Exercise objective
Starting at the line that has "VanitiSeat Bella |" and stopping after the line that has "Taurus Zodiac Symbol", reproduce the listing below exactly; omit everything else.

The input

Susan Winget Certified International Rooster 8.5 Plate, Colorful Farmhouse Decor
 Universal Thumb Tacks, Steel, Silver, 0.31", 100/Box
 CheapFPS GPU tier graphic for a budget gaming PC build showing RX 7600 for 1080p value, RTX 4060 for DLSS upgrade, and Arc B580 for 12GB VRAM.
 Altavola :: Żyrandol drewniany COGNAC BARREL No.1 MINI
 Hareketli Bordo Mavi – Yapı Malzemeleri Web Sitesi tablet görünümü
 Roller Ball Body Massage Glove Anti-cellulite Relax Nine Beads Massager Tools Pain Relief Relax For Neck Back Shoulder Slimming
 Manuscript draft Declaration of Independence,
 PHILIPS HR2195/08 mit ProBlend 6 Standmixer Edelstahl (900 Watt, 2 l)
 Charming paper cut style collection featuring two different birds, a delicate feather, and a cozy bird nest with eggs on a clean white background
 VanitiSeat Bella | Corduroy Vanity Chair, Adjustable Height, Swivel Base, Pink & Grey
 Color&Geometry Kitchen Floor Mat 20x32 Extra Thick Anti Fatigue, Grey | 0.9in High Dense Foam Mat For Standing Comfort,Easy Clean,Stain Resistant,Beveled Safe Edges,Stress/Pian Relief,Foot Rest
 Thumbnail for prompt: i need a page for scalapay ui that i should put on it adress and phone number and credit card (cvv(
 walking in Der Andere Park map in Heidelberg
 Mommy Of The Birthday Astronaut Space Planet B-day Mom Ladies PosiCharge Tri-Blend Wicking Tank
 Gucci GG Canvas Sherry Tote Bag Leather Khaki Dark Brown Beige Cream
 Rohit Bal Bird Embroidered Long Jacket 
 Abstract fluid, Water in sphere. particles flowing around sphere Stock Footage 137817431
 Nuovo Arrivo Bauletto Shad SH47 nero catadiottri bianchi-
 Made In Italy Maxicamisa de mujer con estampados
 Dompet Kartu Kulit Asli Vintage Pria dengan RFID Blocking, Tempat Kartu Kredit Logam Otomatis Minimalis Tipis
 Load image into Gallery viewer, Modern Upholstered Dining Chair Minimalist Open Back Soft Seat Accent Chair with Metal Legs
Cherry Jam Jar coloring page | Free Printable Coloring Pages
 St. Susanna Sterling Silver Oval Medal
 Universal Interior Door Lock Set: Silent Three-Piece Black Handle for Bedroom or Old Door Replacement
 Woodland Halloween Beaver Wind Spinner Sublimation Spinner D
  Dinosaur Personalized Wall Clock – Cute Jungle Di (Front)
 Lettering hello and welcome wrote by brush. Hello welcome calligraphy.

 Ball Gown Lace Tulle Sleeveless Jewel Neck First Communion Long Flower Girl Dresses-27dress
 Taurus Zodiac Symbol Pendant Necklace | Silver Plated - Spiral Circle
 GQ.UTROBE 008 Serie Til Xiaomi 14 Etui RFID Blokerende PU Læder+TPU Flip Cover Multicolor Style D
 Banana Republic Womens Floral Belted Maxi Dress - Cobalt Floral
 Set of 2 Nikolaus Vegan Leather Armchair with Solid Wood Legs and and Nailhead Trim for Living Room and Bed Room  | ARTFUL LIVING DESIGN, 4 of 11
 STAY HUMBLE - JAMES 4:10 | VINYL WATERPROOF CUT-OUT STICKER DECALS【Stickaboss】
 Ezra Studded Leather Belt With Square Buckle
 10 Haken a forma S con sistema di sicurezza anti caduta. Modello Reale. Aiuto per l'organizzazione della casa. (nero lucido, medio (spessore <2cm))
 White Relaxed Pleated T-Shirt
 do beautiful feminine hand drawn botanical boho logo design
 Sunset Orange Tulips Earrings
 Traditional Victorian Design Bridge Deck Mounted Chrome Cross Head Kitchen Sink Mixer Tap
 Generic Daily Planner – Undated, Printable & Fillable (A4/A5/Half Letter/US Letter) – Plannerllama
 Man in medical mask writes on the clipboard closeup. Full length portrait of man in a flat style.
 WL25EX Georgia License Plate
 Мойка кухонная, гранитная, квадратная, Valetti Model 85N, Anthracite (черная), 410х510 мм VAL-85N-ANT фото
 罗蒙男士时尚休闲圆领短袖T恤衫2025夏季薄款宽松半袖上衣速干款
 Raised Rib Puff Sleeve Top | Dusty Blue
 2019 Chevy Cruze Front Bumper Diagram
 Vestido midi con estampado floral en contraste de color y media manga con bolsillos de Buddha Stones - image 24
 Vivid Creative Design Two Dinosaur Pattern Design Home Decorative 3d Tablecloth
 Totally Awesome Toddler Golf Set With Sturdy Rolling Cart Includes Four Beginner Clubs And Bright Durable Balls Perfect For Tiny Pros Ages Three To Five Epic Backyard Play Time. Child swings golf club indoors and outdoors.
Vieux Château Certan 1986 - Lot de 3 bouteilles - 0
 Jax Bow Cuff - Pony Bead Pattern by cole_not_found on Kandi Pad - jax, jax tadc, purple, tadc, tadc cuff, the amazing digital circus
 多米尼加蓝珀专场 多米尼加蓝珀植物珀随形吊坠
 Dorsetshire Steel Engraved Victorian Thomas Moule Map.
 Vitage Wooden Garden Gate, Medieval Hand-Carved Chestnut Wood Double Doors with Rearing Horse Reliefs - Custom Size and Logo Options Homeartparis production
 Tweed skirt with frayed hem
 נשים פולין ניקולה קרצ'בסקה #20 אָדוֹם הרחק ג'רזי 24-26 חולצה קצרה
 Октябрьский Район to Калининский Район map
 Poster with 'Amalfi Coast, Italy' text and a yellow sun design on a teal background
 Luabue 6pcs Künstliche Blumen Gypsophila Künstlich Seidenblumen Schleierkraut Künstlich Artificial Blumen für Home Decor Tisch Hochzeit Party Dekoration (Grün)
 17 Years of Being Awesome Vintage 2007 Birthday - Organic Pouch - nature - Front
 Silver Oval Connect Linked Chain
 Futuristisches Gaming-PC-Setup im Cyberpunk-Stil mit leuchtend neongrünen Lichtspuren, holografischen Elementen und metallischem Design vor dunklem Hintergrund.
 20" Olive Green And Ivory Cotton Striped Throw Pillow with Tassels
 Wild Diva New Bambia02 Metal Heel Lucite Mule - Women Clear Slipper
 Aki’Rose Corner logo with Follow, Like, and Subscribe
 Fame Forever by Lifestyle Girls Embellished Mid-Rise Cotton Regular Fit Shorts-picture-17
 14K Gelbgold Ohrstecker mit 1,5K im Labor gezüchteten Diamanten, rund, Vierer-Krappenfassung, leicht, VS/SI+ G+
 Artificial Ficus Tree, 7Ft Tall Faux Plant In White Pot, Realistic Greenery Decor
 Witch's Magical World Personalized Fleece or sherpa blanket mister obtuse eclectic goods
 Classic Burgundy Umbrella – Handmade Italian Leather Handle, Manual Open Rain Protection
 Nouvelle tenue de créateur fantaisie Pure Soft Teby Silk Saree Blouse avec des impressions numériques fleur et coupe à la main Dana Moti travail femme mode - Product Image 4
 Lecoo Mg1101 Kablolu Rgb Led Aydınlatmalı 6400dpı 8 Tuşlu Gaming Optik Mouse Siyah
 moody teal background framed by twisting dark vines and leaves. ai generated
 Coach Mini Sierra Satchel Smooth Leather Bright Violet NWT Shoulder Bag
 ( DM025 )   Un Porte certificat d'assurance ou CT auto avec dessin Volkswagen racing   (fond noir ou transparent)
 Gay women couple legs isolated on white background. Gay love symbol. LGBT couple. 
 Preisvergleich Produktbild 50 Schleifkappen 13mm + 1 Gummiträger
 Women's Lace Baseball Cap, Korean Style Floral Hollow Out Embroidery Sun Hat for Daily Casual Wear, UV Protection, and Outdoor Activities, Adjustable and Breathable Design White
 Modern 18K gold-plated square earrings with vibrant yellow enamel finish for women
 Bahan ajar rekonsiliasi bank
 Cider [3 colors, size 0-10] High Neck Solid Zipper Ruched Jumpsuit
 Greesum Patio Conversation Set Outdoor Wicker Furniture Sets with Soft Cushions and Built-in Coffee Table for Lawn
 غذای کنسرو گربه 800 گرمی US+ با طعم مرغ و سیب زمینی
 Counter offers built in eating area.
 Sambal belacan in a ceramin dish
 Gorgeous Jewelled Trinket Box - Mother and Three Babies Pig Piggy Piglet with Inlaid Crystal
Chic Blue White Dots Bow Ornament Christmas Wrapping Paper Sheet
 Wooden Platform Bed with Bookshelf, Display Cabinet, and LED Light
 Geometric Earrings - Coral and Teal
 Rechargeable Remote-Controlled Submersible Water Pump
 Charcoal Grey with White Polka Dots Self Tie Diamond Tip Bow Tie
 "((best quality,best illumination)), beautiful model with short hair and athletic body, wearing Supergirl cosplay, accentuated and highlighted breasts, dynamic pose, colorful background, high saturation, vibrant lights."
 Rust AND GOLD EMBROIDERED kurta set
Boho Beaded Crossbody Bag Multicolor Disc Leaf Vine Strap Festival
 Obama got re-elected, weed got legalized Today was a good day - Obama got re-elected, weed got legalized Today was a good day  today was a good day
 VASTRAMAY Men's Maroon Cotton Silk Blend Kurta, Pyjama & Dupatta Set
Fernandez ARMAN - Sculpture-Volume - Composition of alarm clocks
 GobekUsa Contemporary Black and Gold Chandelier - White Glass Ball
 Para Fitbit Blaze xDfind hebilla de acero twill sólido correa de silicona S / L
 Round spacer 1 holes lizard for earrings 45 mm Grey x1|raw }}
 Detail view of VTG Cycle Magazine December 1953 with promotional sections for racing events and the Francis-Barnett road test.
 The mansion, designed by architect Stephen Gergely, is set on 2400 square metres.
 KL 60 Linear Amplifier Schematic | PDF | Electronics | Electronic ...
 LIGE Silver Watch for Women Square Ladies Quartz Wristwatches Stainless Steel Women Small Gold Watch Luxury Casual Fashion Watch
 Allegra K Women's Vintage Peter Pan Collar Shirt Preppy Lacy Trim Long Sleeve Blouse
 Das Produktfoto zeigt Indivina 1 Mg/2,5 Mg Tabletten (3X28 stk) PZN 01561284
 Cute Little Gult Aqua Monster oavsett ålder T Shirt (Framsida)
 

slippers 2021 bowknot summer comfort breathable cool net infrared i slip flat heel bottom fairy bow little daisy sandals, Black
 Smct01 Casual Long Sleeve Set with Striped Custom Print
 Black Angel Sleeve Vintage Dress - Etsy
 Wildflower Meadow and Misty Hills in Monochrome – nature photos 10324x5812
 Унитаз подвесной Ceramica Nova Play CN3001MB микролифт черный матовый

Your response
 VanitiSeat Bella | Corduroy Vanity Chair, Adjustable Height, Swivel Base, Pink & Grey
 Color&Geometry Kitchen Floor Mat 20x32 Extra Thick Anti Fatigue, Grey | 0.9in High Dense Foam Mat For Standing Comfort,Easy Clean,Stain Resistant,Beveled Safe Edges,Stress/Pian Relief,Foot Rest
 Thumbnail for prompt: i need a page for scalapay ui that i should put on it adress and phone number and credit card (cvv(
 walking in Der Andere Park map in Heidelberg
 Mommy Of The Birthday Astronaut Space Planet B-day Mom Ladies PosiCharge Tri-Blend Wicking Tank
 Gucci GG Canvas Sherry Tote Bag Leather Khaki Dark Brown Beige Cream
 Rohit Bal Bird Embroidered Long Jacket 
 Abstract fluid, Water in sphere. particles flowing around sphere Stock Footage 137817431
 Nuovo Arrivo Bauletto Shad SH47 nero catadiottri bianchi-
 Made In Italy Maxicamisa de mujer con estampados
 Dompet Kartu Kulit Asli Vintage Pria dengan RFID Blocking, Tempat Kartu Kredit Logam Otomatis Minimalis Tipis
 Load image into Gallery viewer, Modern Upholstered Dining Chair Minimalist Open Back Soft Seat Accent Chair with Metal Legs
Cherry Jam Jar coloring page | Free Printable Coloring Pages
 St. Susanna Sterling Silver Oval Medal
 Universal Interior Door Lock Set: Silent Three-Piece Black Handle for Bedroom or Old Door Replacement
 Woodland Halloween Beaver Wind Spinner Sublimation Spinner D
  Dinosaur Personalized Wall Clock – Cute Jungle Di (Front)
 Lettering hello and welcome wrote by brush. Hello welcome calligraphy.

 Ball Gown Lace Tulle Sleeveless Jewel Neck First Communion Long Flower Girl Dresses-27dress
 Taurus Zodiac Symbol Pendant Necklace | Silver Plated - Spiral Circle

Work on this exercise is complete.